Sunday, October 9, 2011

Alcohol As A Hazard Of Heard Diseases

After smoking, excess alcohol is the second most common cause of preventable death. Alcohol is toxic to virtually every organ in the human body, but when consumed in moderate amounts, it is detoxified by the liver and does little or no harm. Alcoholic beverages contain ethyl alcohol (ethanol), which is metabolized in the body to acetaldehyde. In large amounts, both ethanol and acetaldehyde interfere with normal functions of organs throughout the body, including the heart.

There is a significantly higher incidence of high blood pressure among those who consume more than 2 ounces of ethanol a day (which translates into 4 ounces of 100-proof whiskey, 16 ounces of wine, or 48 ounces of beer). Abrupt withdrawal of alcohol from those consuming large amounts on a regular basis may cause the condition known as delirium tremens (DTs), which is associated with a significant risk of cardiac arrest.
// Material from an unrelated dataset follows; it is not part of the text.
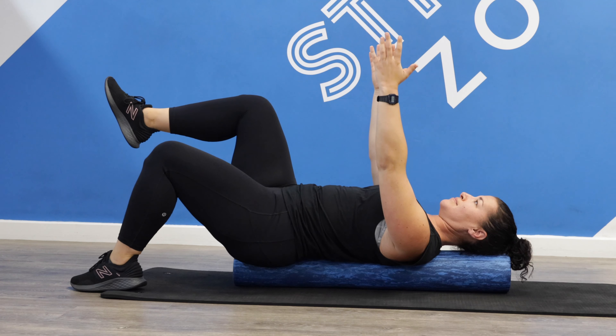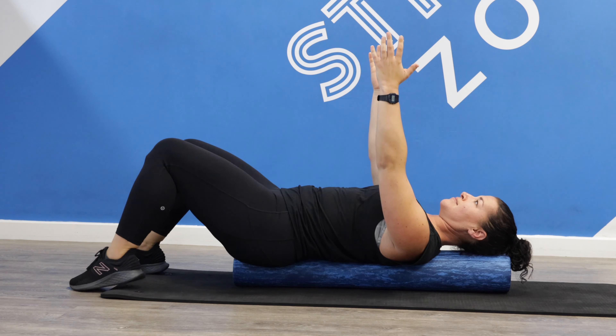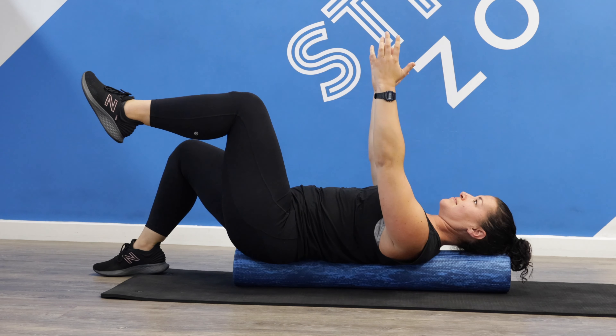Hi, this is Jo from Foundry Fitness. I'm the resident exercise physiologist and this is a supine leg raise.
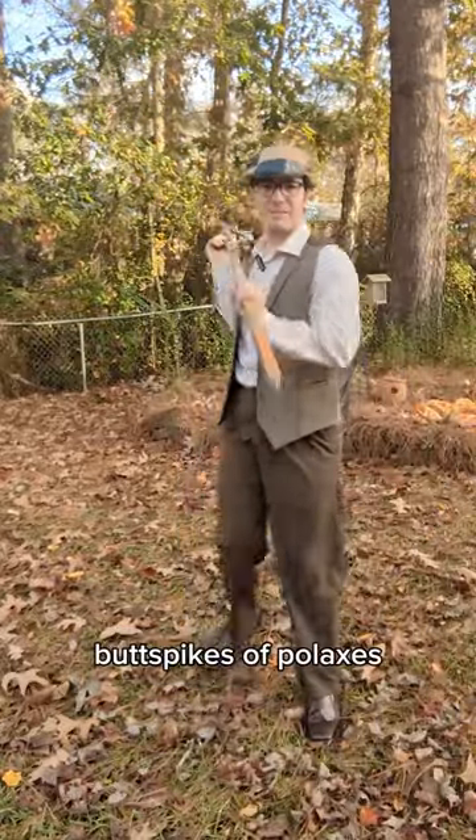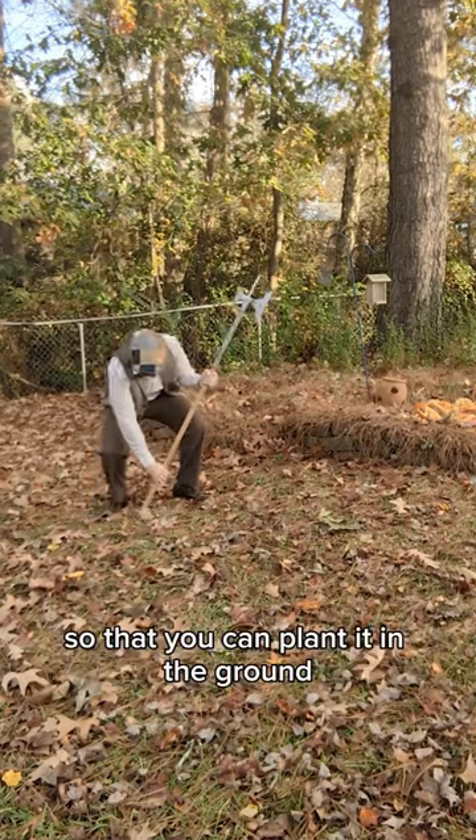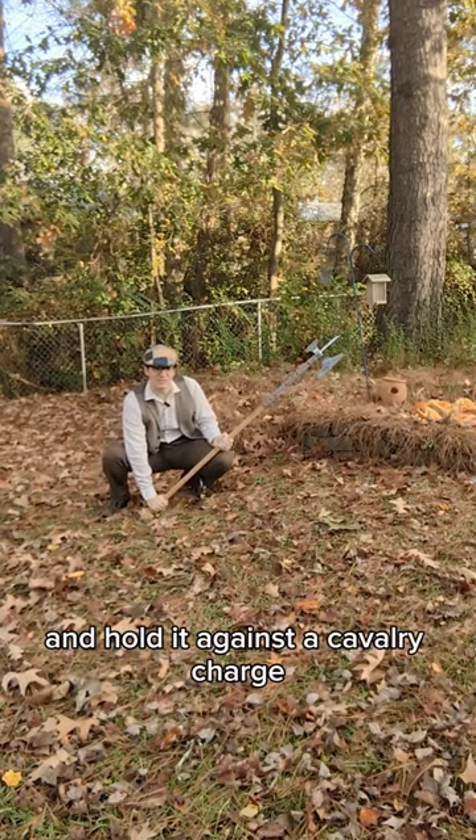Whenever I do a video talking about the butt spikes of poleaxes, there's always somebody in the comments who says it's so that you can plant it in the ground and hold it against the cavalry charge.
Binge drinking can provoke arrhythmias (irregular heart rhythms)-frequently in the form of atrial fibrillation-in people with no previous symptoms of heart disease. This alcohol-induced rhythm disturbance is most common among people who have chronically abused alcohol. It is sometimes called “holiday heart” because it often occurs over the holidays or on weekends, after consumption of more alcohol than usual. People who are deprived of sleep are susceptible to developing “holiday heart” from drinking too much at one time, even if they do not regularly abuse alcohol.

Alcohol is thought to provoke arrhythmias by stimulating the sympathetic nervous system. Alcoholics tend to have higher blood levels of the chemical messengers of this system such as epinephrine (adrenaline). Deficiency of the trace mineral magnesium, which often occurs with chronic alcohol abuse, may also play a role.
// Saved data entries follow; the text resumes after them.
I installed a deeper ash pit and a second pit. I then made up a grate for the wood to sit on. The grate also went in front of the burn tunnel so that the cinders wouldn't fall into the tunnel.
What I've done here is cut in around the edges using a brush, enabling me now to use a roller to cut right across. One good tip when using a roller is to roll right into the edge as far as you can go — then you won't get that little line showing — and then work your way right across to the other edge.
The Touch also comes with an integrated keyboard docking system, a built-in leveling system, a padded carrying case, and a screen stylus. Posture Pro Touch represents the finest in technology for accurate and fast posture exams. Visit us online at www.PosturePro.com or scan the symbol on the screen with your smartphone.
Up to a third of all cases of a type of heart disease called cardiomyopathy are attributed to excessive drinking. Alcoholic cardiomyopathy occurs most often in middle-aged men. In this disorder, the heart muscle (myocardium)—particularly the right and left ventricles—enlarges and becomes flabby. As the working cells deteriorate, they become more sparse, and are replaced by fibers of connective tissue in the spaces between the cells (interstitial fibrosis). Eventually, alcoholic cardiomyopathy can result in heart failure, in which the heart does not pump blood efficiently to all parts of the body. Fatigue, shortness of breath during exercise, and swelling in the ankles are its most common symptoms. The heart’s inability to send blood efficiently to the kidneys, where excess salt and water are normally filtered out, means the body begins to retain salt, and thus water. This in turn raises blood volume and causes a backup of fluid into tissues such as the lungs (hence the breathing difficulty).

When individuals with congestive heart failure caused by alcoholic consumption continue to drink, their prognosis is poor. In contrast, those who abstain from alcohol raise their chances of reversing the progress of alcoholic cardiomyopathy, especially if the problem is detected early Their hearts may return to normal size, and they can live for many years. In fact, patients with alcoholic cardiomyopathy who abstain from drinking have a better prognosis than do patients with cardiomyopathy from other causes.

Physicians once believed that malnutrition was the sole mechanism by which alcohol damaged the heart. In extreme cases, alcoholics consume too many calories as drink and not enough as food, and they become malnourished. This could cause depletion of the protein in heart muscle. However, it is now recognized that in most cases, alcohol damages the heart even in the absence of malnutrition.


  1. This comment has been removed by the author.

  2. Aside from the heart, excessive alcohol intake can also affect our brain. I'm no physician, but some say that it can cause memory loss, especially when it's associated with too much smoking. Both the young and adults should stop alcoholism and quit smoking for them to be healthy and live longer.